Second stimulus check: CARES Act versus HEROES Act, what are the main differences?
The first round of stimulus payments were sent out via the CARES Act but the Heroes Act includes aid for those who were not eligible in the original relief package.
The Health and Economic Recovery Omnibus Emergency Solutions Act - or 'Heroes Act' promises to provide a further $3 trillion in economic relief for struggling American workers. The bill made it through the House of Representatives by 208 votes to 199 on 15 May but is expected to face much tougher opposition when it eventually reaches the Senate this month. The White House has already threatened to veto the bill and the Republican-controlled Senate has promised it will be “dead on arrival” when debated.
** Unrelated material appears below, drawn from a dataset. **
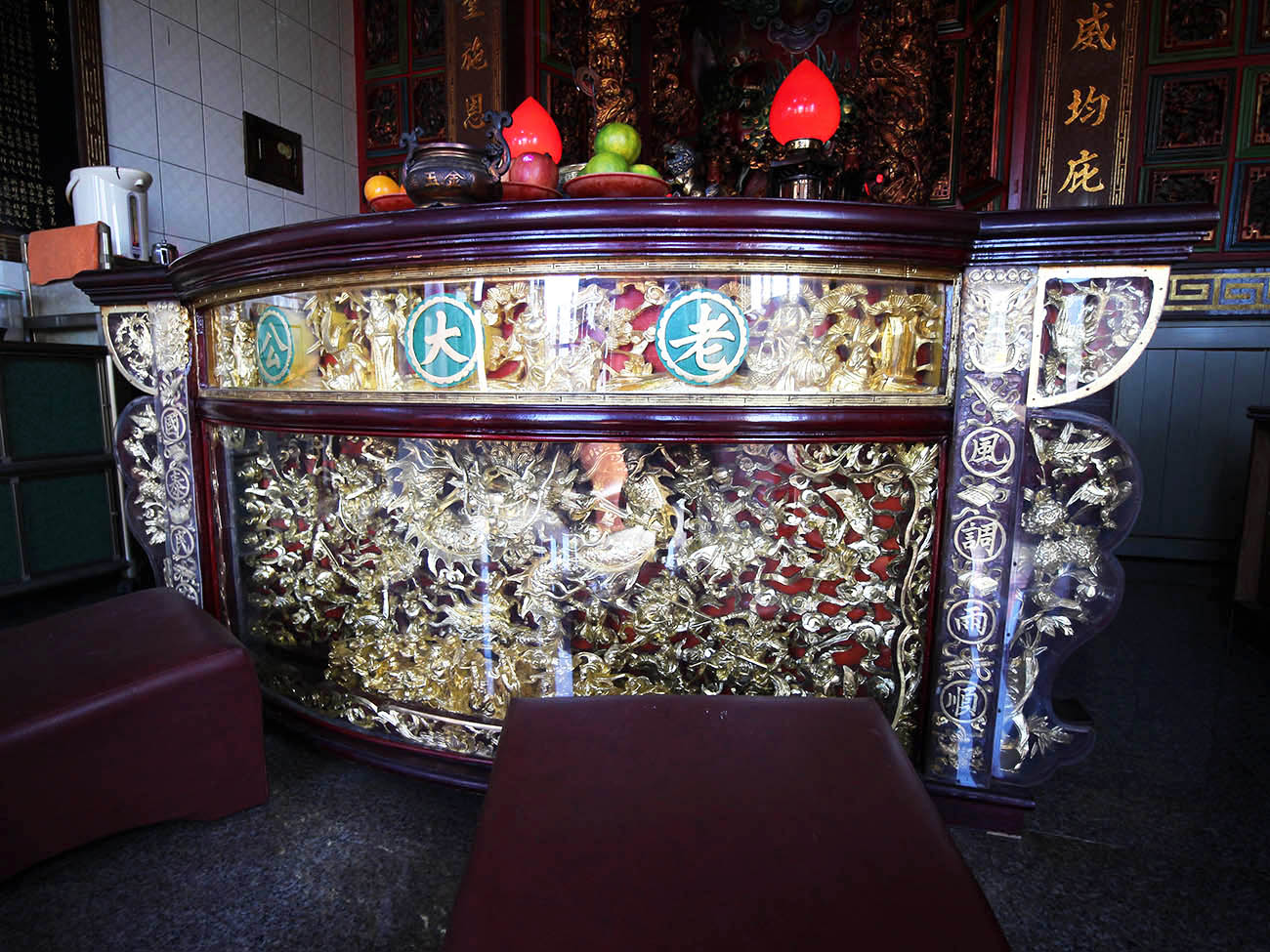 2018老大公祠記錄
The CARES Act ensured Americans received financial help in the form of stimulus checks worth up to $1,200. That money could be spent on groceries, rent and utility bills. Now, the US government is under pressure to deliver more help. The Trump administration suggested a CARES 2 Act, which is very similar to the original but would include one-off payments of up to $2,000. Since then, the focus has shifted entirely onto the Heroes Act.
The main differences between CARES Act and Heroes Act
The Heroes Act would see Americans who qualify for a stimulus check receive $1,200 ($2,400 in the case of joint return) plus another $1,200 for every other dependent with a maximum of $3,600 and immigrants would retroactively receive the $1,200 payment they were denied under the CARES Act.
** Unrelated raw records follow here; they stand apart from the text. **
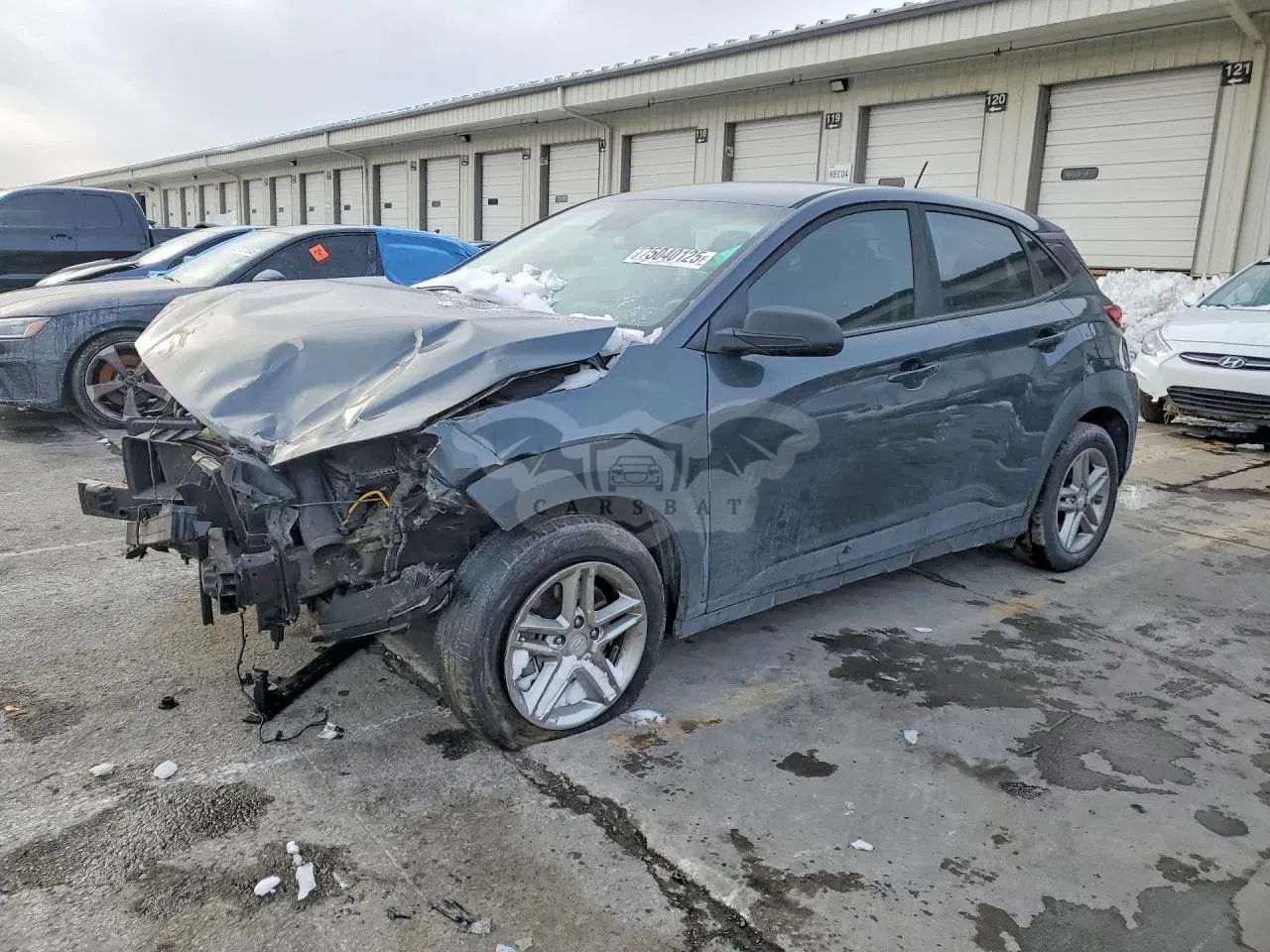 Hyundai Kona SE 2.0L 4 2019
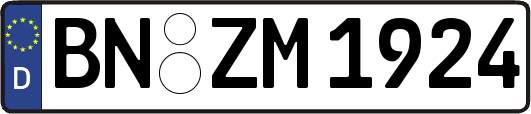 BN-ZM1924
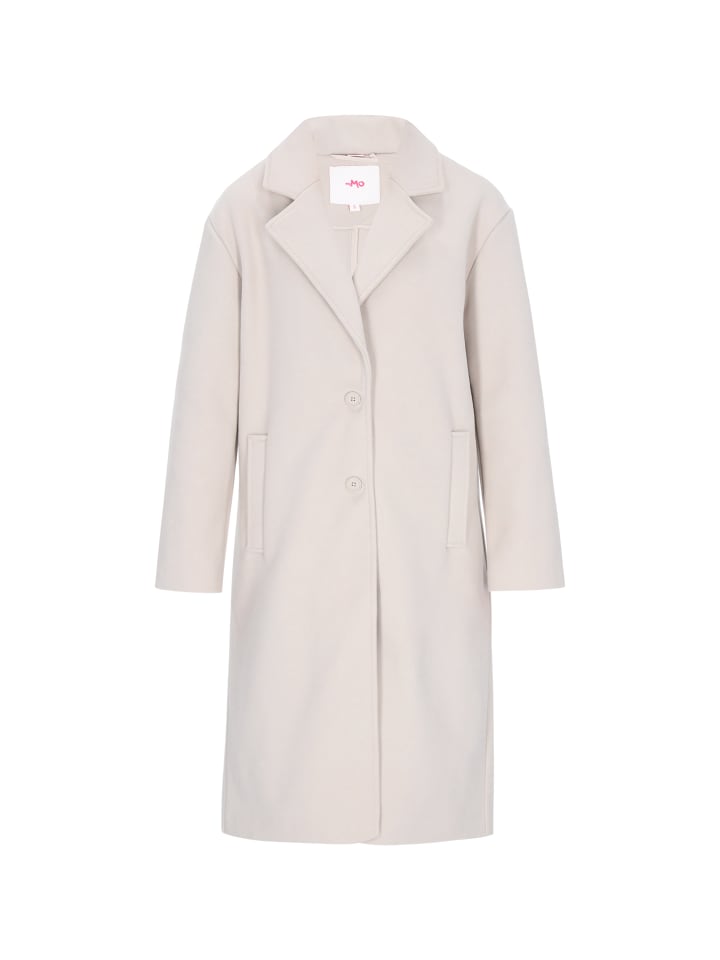 Пальто myMo, белый
Пальто myMo, белый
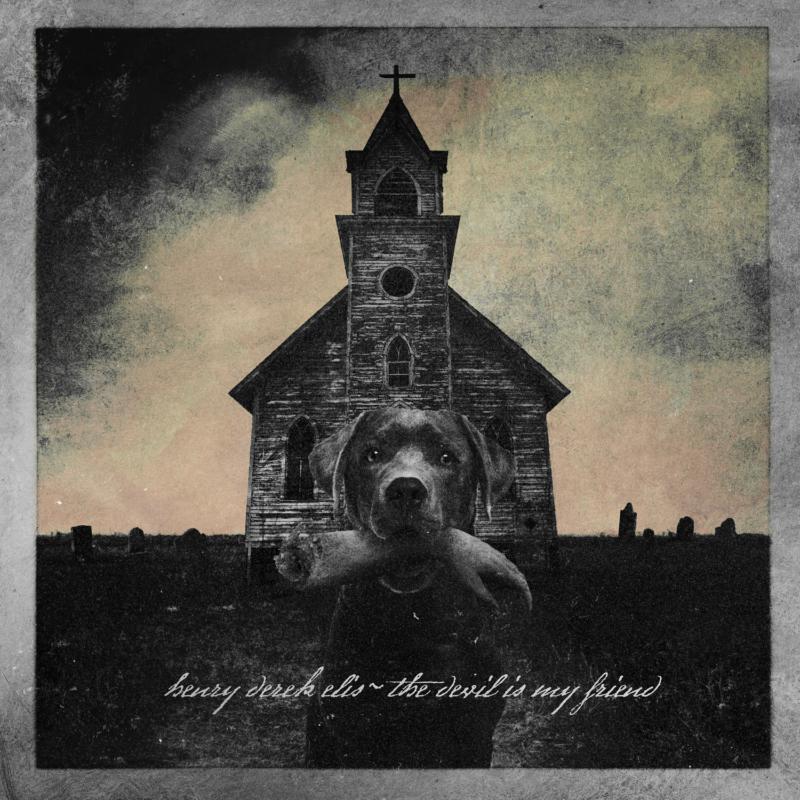 Picture of Henry Derek Elis - Devil Is My Friend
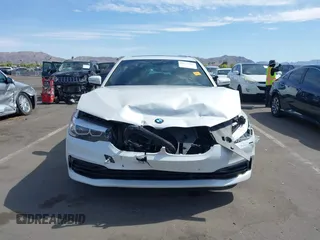 2020 BMW 5 Series 530i with VIN WBAJR3C04LCE17647, listed as a IAAI auction lot 42181535 with 42,265 mi miles and . Bid and sale history available at DreamBid. Image 12.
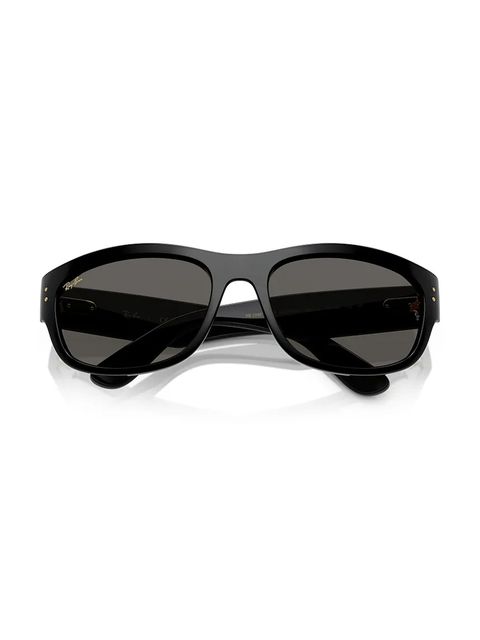 Ray-Ban okulary przeciwsłoneczne kolor czarny 0RB2289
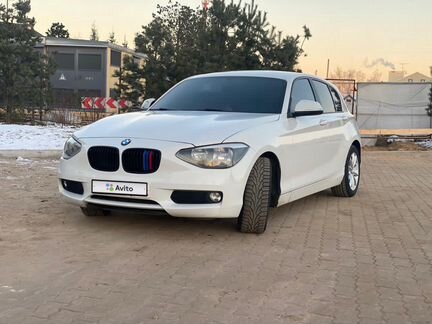 BMW 1 серия 1.6 AT, 2012, 146 000 км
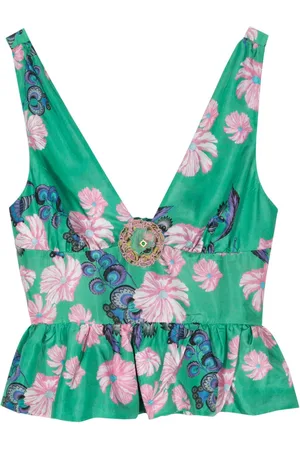 Cynthia Rowley Top Eden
The HEROES Act would also allow full-time students under the age of 24 to receive payments as dependents.
It modifies the requirements regarding the provision of a valid Social Security number (SSN), which some dependent immigrants do not have and as a result, missed out on the stimulus payments through the CARES bill. It would require individuals, at least one spouse for married couples, and dependents to provide taxpayer identification numbers, which include SSNs and Individual Taxpayer Identification Numbers issued by the IRS to some individuals who aren’t eligible for SSNs but must file a U.S. tax return
There are no changes however to the original act in that people who earn over $75,000 do not make the cut for the maximum amount and it reduces by 5% above the amount of the stimulus check. For example, as explained by Forbes, a person who makes $99,000 and has no children would not receive a stimulus check.
The Heroes Act adjusts the language of the bill to reduce the benefit designed for just that person to $0. Under the Heroes Act, joint filers with just one TIN would receive a $1,200 check from the CARES Act.